Monday, February 21, 2011

"A Harder Task Than Making Bricks Without Straw"

In Booker T. Washington's Up from Slavery, I read chapter 10, "A Harder Task Than Making Bricks Without Straw."

Three points stood out to me in today's reading:

1. Washington said that he had the students of Tuskegee build the school's buildings. Not only did this teach the students skills, but it also engendered in them respect for the buildings. As Washington says, "Not a few times, when a new student has been led into the temptation of marring the looks of some building by leadpencil marks or by the cuts of a jack-knife, I have heard an old student remind him: 'Don’t do that. That is our building. I helped put it up.'”

This reminds me of arguments for an "ownership society," or claims by conservative environmentalists that privatizing land will result in a decline in water pollution and deforestation: if businesses own the land, then they'll treat it better than if they're using public property. After all, if they own the land, they'll have to replace the trees that they cut down. And maybe they'll want to make their property into a park that people would pay to visit. Having a personal stake in something gives one a motivation to treat it better. In the case of Tuskegee, the students had a sense of pride in the contribution that they made to building the school's buildings.

2. The students also made and sold bricks. Eventually, white people in the South bought them, realizing that Tuskegee students made quality bricks. From this experience, Booker T. Washington learned something about race relations:

"The making of these bricks taught me an important lesson in regard to the relations of the two races in the South. Many white people who had had no contact with the school, and perhaps no sympathy with it, came to us to buy bricks because they found out that ours were good bricks. They discovered that we were supplying a real want in the community. The making of these bricks caused many of the white residents of the neighbourhood to begin to feel that the education of the Negro was not making him worthless, but that in educating our students we were adding something to the wealth and comfort of the community. As the people of the neighbourhood came to us to buy bricks, we got acquainted with them; they traded with us and we with them. Our business interests became intermingled. We had something which they wanted; they had something which we wanted. This, in a large measure, helped to lay the foundation for the pleasant relations that have continued to exist between us and the white people in that section, and which now extend throughout the South.

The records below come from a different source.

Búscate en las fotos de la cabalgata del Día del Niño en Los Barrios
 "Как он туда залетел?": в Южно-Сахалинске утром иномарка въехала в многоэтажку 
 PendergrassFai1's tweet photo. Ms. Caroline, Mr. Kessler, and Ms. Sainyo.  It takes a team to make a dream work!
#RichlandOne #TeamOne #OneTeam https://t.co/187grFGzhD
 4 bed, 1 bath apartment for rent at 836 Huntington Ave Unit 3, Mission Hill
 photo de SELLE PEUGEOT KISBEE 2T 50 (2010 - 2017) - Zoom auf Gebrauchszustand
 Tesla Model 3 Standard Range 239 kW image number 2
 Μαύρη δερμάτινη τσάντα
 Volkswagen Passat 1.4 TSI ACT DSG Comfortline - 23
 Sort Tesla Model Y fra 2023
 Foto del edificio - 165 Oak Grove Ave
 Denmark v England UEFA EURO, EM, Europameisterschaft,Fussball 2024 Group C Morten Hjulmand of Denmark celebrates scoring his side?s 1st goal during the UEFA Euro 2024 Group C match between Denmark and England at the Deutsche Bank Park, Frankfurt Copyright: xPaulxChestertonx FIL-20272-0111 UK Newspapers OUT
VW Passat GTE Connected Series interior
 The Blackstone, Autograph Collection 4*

"Wherever one of our brickmakers has gone in the South, we find that he has something to contribute to the well-being of the community into which he has gone; something that has made the community feel that, in a degree, it is indebted to him, and perhaps, to a certain extent, dependent upon him. In this way pleasant relations between the races have been stimulated.

"My experience is that there is something in human nature which always makes an individual recognize and reward merit, no matter under what colour of skin merit is found. I have found, too, that it is the visible, the tangible, that goes a long ways in softening prejudices. The actual sight of a first-class house that a Negro has built is ten times more potent than pages of discussion about a house that he ought to build, or perhaps could build."

That was Booker T. Washington's view on race relations: that African-Americans should work hard, contribute to the wider community (which includes whites, African-Americans, and others), and earn the respect of whites. In a way, this is the Will Palmer approach---to bring into the discussion Alex Haley's grandfather, Will Palmer. In Roots: The Next Generation, Will Palmer practically ran the lumberyard because its manager was a drunk, and that earned him the respect of the white establishment, who then gave Will the lumberyard. Will had no intention of appeasing white society, however, for he said that he intended to make the lumberyard a success so that he'd owe the white man nothing!

Some may like Booker T. Washington's approach, whereas others may view it as too idealistic. Both sides probably have elements of truth, and situations may vary.

3. Washington is still talking about the humble days of Tuskegee. Washington said, "In fact in those earlier years I was constantly embarrassed because people seemed to have more faith in me than I had in myself." I admire Washington for continuing to try even when he didn't have much faith in himself. And I appreciate it when people have faith in me, when my faith in myself is lacking. That motivates me.